Underwood, of West Hollywood, was elected president July 2 at the sorority's Las Vegas convention. But Kim Sawyer, a certified project manager from Bowie, and her supporters argued that the comedian did not receive enough votes to prevail. During a subsequent runoff election, Sawyer obtained the majority of the votes, and she wants those results recognized.
Sawyer filed suit against the sorority and Underwood. The case was filed in the District because the sorority was founded on the campus of Howard University in 1920 and is incorporated in the city.
Underwood's attorney, Elmer Douglass Ellis, argued that the runoff election was not sanctioned by the sorority. "It was a bogus election," Ellis said.
The Zetas' members include the late author Zora Neale Hurston, actress Jayne Kennedy and singer Dionne Warwick. Kennedy and Warwick were not in court, but nearly 100 other women, dressed in the sorority's royal blue, crowded the room.

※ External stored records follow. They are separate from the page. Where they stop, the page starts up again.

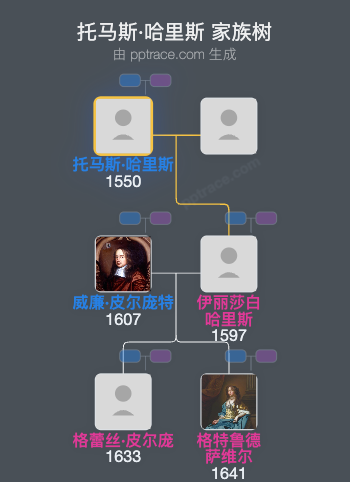 托马斯·哈里斯家族树全览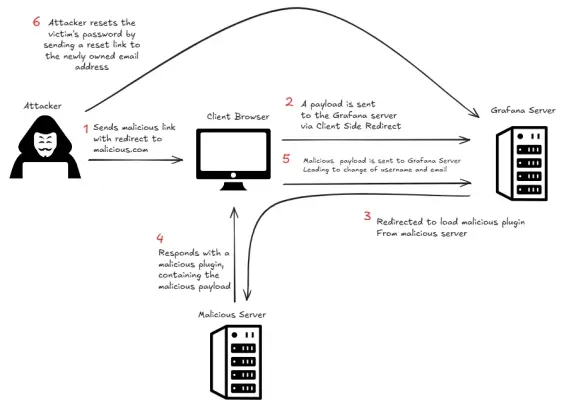 Diagrama de com funciona la vulnerabilitat.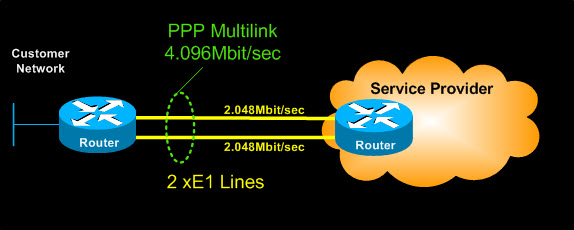 http://www.firewall.cx/images/stories/tk-cisco-routers-multilink-1.jpg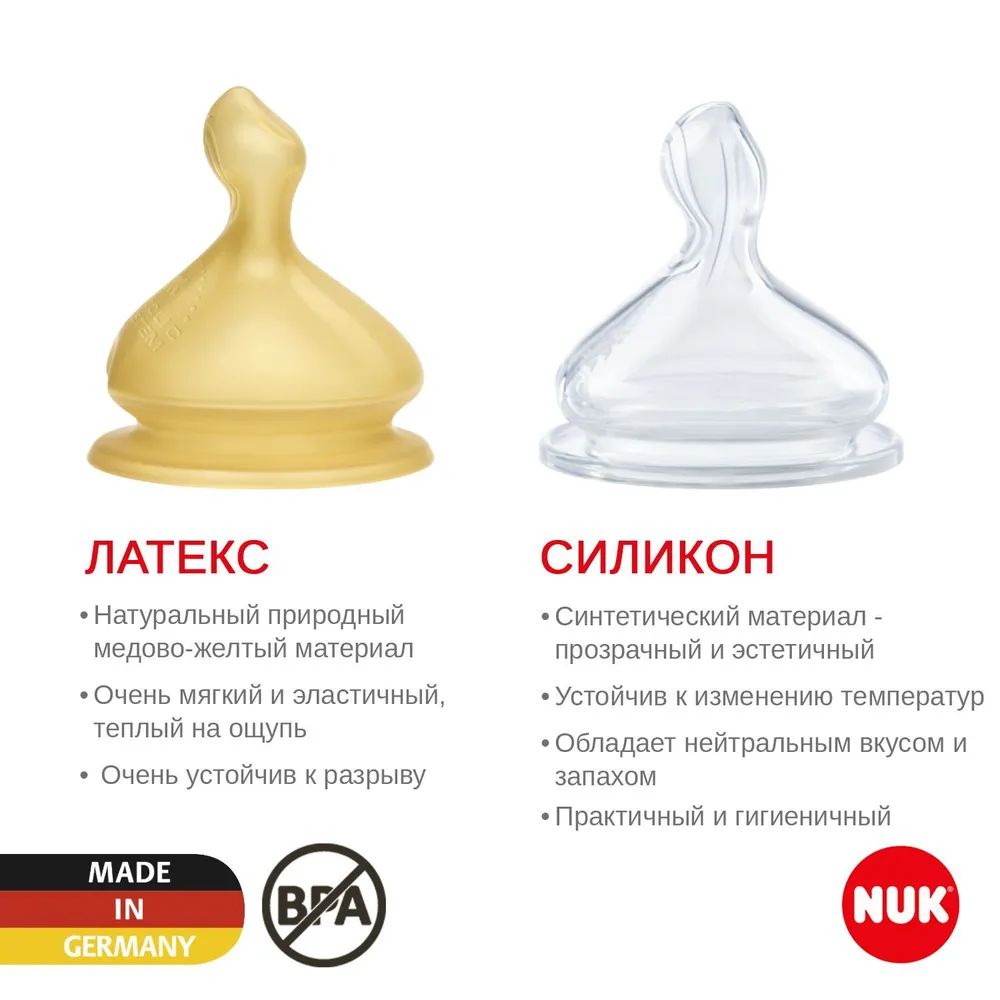 Соска на бутылочку Nuk First Choice - фото 4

D.C. Superior Court Judge Gerald I. Fisher ordered a mediation hearing for Sept. 17. If not settled then, the case will go to trial Nov. 13.
Underwood's presence caused a stir outside the courthouse, with fans stopping her for autographs or pictures. Many were familiar with her work on "Def Comedy Jam" and as host of "Comic View" on BET. Before getting into her limousine, a smiling Underwood said she was "proud my sorors have faith in me."
After the hearing, Sawyer declined to comment. Her attorney, Stephen J. Williams, said he and his client "plan to use any remedy available" in the fight for the position.
Zeta attorney R. Jonathan Charleston said he was confident the dispute will be resolved soon.